ECLI:NL:CRVB:2017:1837
Centrale Raad van Beroep
- Hoger beroep
- Rechtspraak.nl
Beoordeling van de ambtenaarsverhouding van appellant bij de gemeente Heerlen en de niet-ontvankelijkheid van het bezwaar
In deze zaak heeft de Centrale Raad van Beroep op 18 mei 2017 uitspraak gedaan in hoger beroep tegen een eerdere uitspraak van de rechtbank Limburg. De appellant, die van 1 juni 2010 tot 4 december 2010 een uitkering ontving op basis van de Wet werk en bijstand, heeft werkzaamheden verricht bij de gemeente Heerlen.

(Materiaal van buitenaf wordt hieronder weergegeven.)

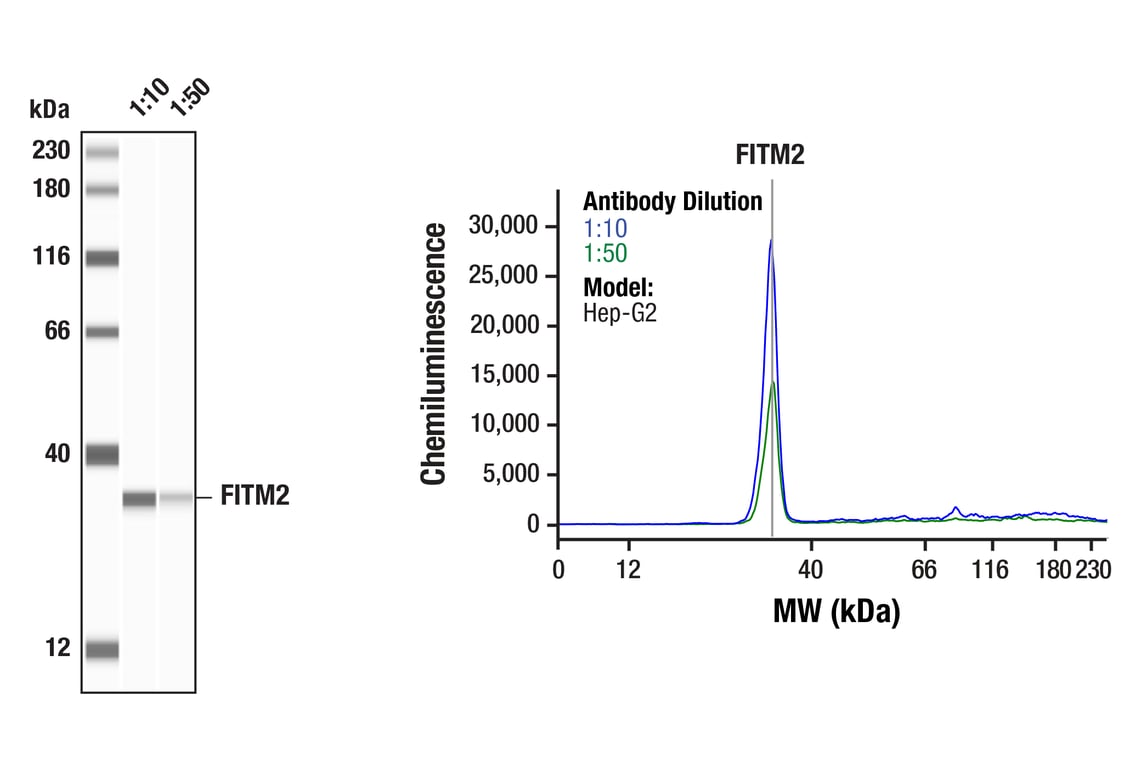 Western Blotting Image 1: FITM2 (E5O8W) Rabbit Monoclonal Antibody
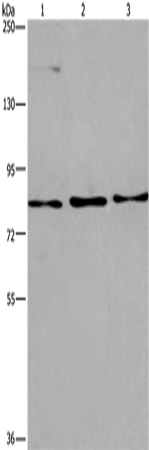 Western Blot analysis of Raji, 293T and PC3 cell using AGO4 Polyclonal Antibody at dilution of 1:450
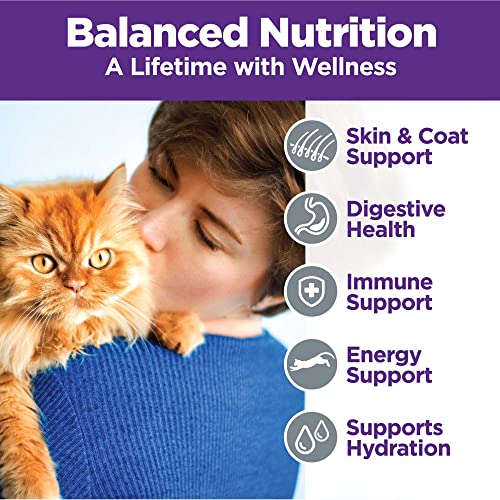 Image of Wellness Complete Health Pate Variety Pack Adult Canned Wet Cat Food, Natural, Protein Rich, Grain Free, Chicken and Turkey Favorites, 5.5 oz, Pack of 12 Cans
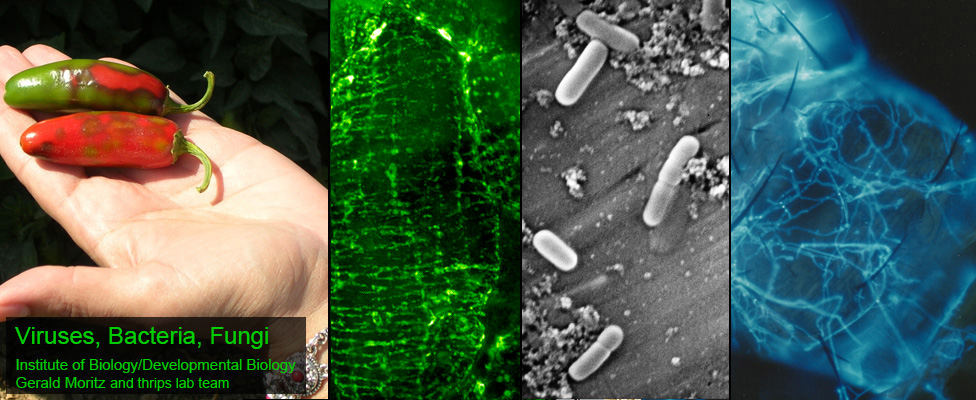 Thrips microbiome - viruses, bacteria and fungi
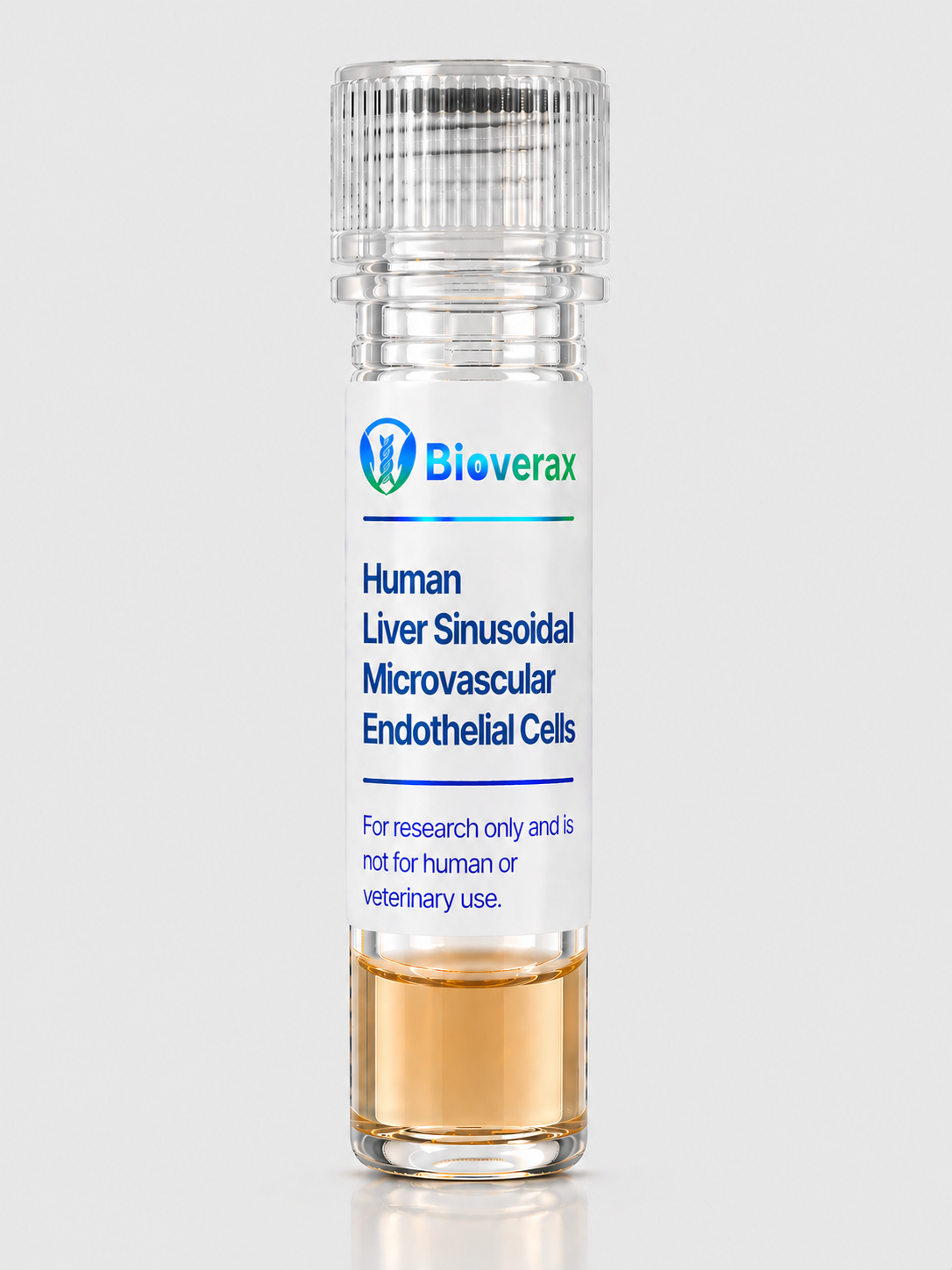Human Liver Sinusoidal Microvascular Endothelial Cells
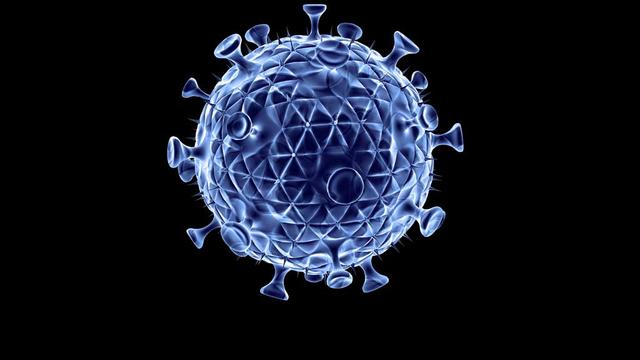 Le virus du sida. [Science Photo Library /afp]
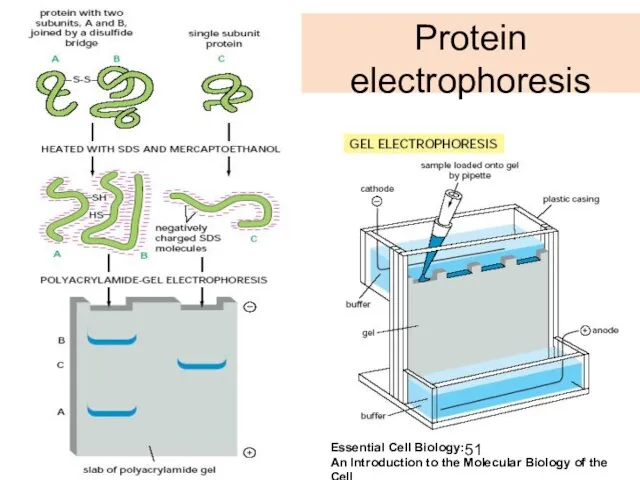 Protein electrophoresis Essential Cell Biology: An Introduction to the Molecular Biology of the Cell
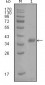 FABP4 Antibody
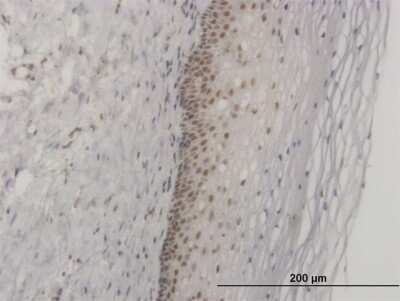 Immunohistochemistry-Paraffin: FOXL1 Antibody (2F6) [H00002300-M09]
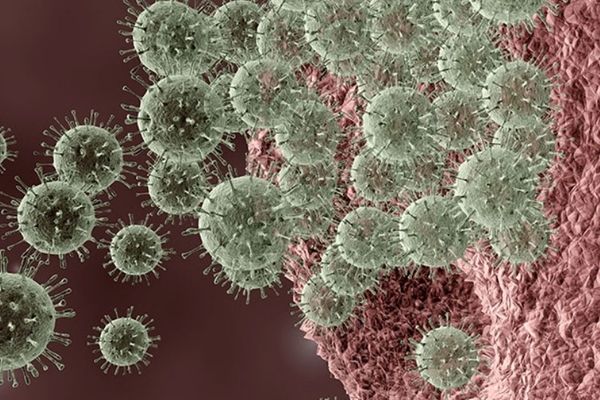 computer-generated image of a virus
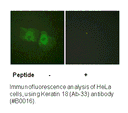 Product image for Keratin 18 (Ab-33) Antibody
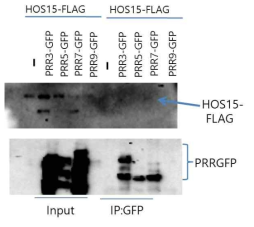 Interaction between HOS15 and PRR7 in planta. Transient expression in N. benthamiana of Arabidopsis PRRn-GFP proteins and HOS15-HA and the interaction between PRRn-GFP and HOS15-HA were analyzed co-immunoprecipitation followed by immunoblot. (그림 7 and 8 data from WY Kim lab)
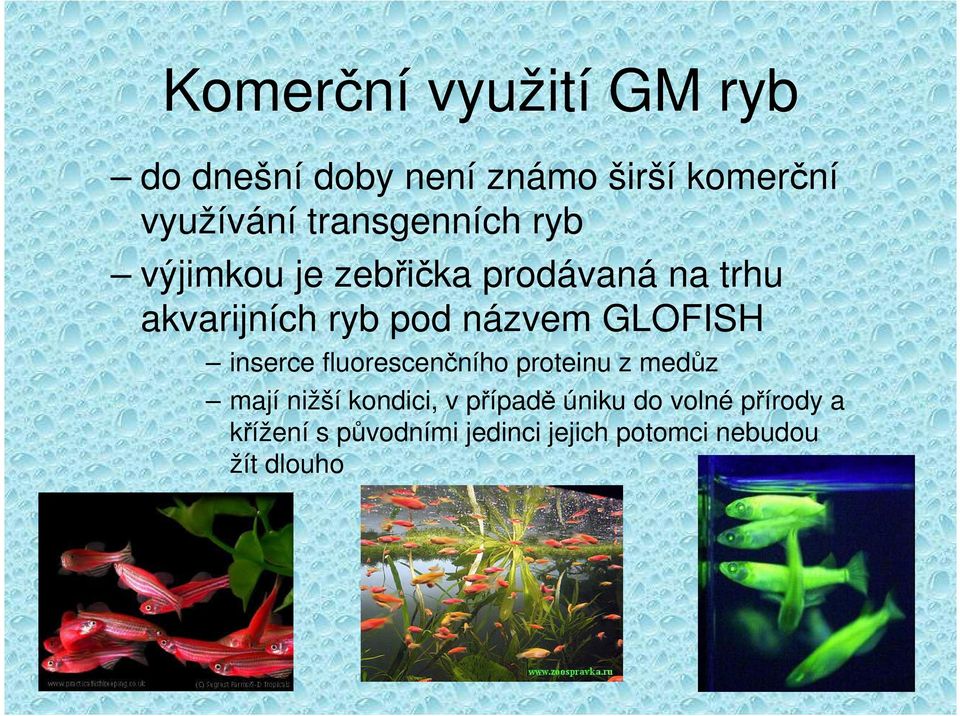 názvem GLOFISH inserce fluorescenčního proteinu z medůz mají nižší kondici, v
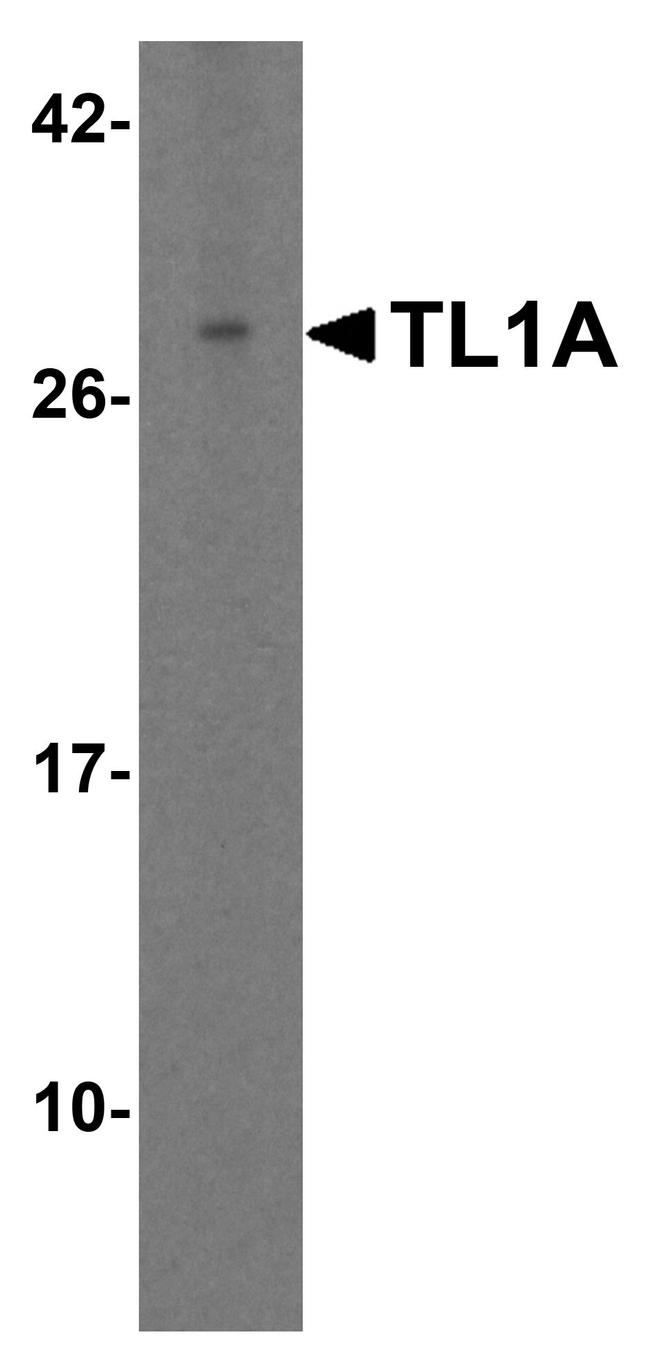 TL1A Antibody in Western Blot (WB)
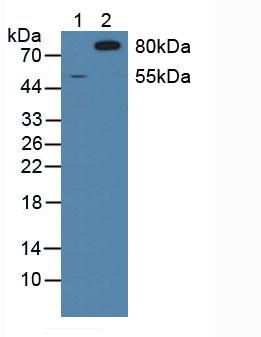 SIRPA / CD172a Antibody
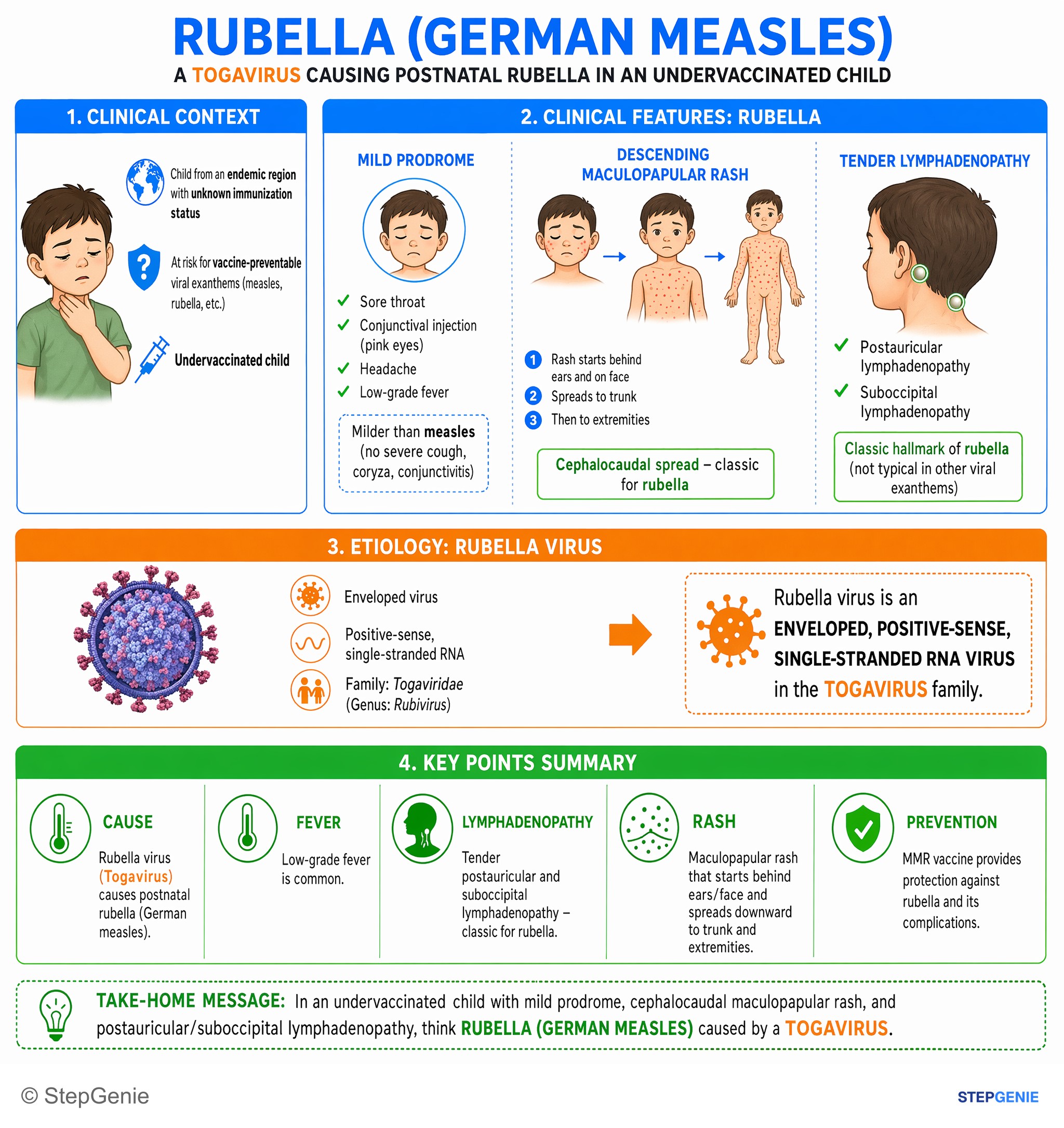 Viral infections — StepGenie USMLE Step 1 explanation infographic
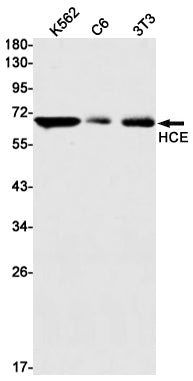 HCE Rabbit Monoclonal Antibody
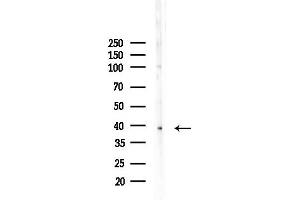 anti-Transcription Factor AP-4 (Activating Enhancer Binding Protein 4) (TFAP4) (C-Term) antibody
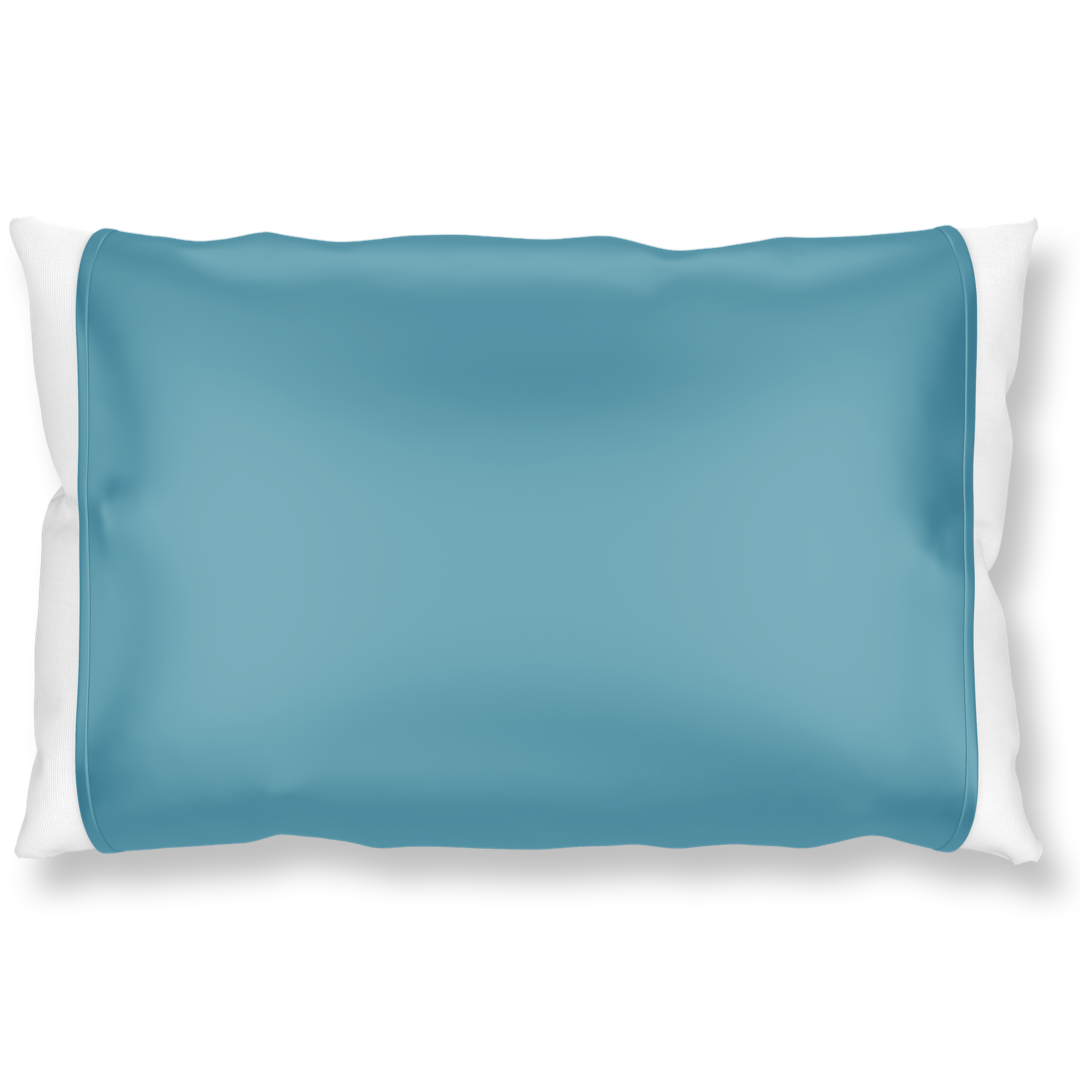 Silked Silk Pillowcase Pillow Sleeve 100% Silk #1 Best Seller Made in USA Hotel Travel Beauty Product Antibacterial Hypoallergenic 2026 Pantone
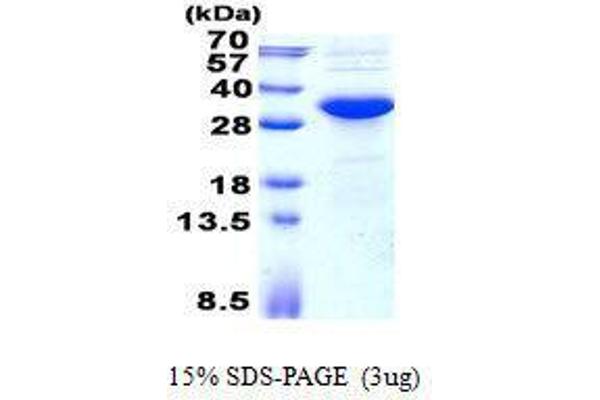 KCTD15 Protein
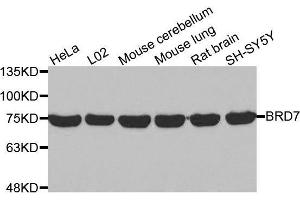 Western blot analysis of extracts of various cell lines, using BRD7 antibody. (BRD7 anticorps  (AA 1-95))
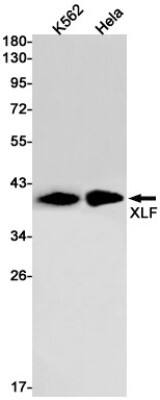 Western Blot: XLF Antibody (S08-9D7) [NBP3-19804]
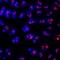 Cell growth-regulating nucleolar protein antibody, MAB6748, R&D Systems, Immunofluorescence image 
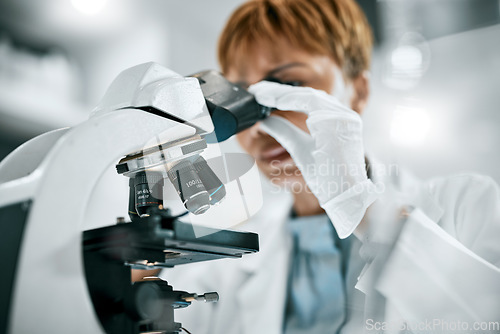 Image of Microscope, study or scientist woman in science laboratory for DNA research, medical and medicine data analysis. Doctor, healthcare teamwork or nurse for health, cancer innovation or virus idea test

Hij verzocht het college om bevestiging van een ambtelijke aanstelling, maar het college heeft dit verzoek afgewezen. De rechtbank heeft het beroep van de appellant gegrond verklaard, maar de Centrale Raad van Beroep oordeelt dat er geen ambtenaarsverhouding is ontstaan. De Raad verwijst naar een arrest van de Hoge Raad en concludeert dat de appellant niet als ambtenaar kan worden aangemerkt, omdat er geen duidelijke intentie van het college was om een ambtenaarsverhouding tot stand te brengen. Het bezwaar tegen het besluit van 15 mei 2014 is terecht niet-ontvankelijk verklaard. De Raad vernietigt de eerdere uitspraak van de rechtbank en verklaart het beroep ongegrond.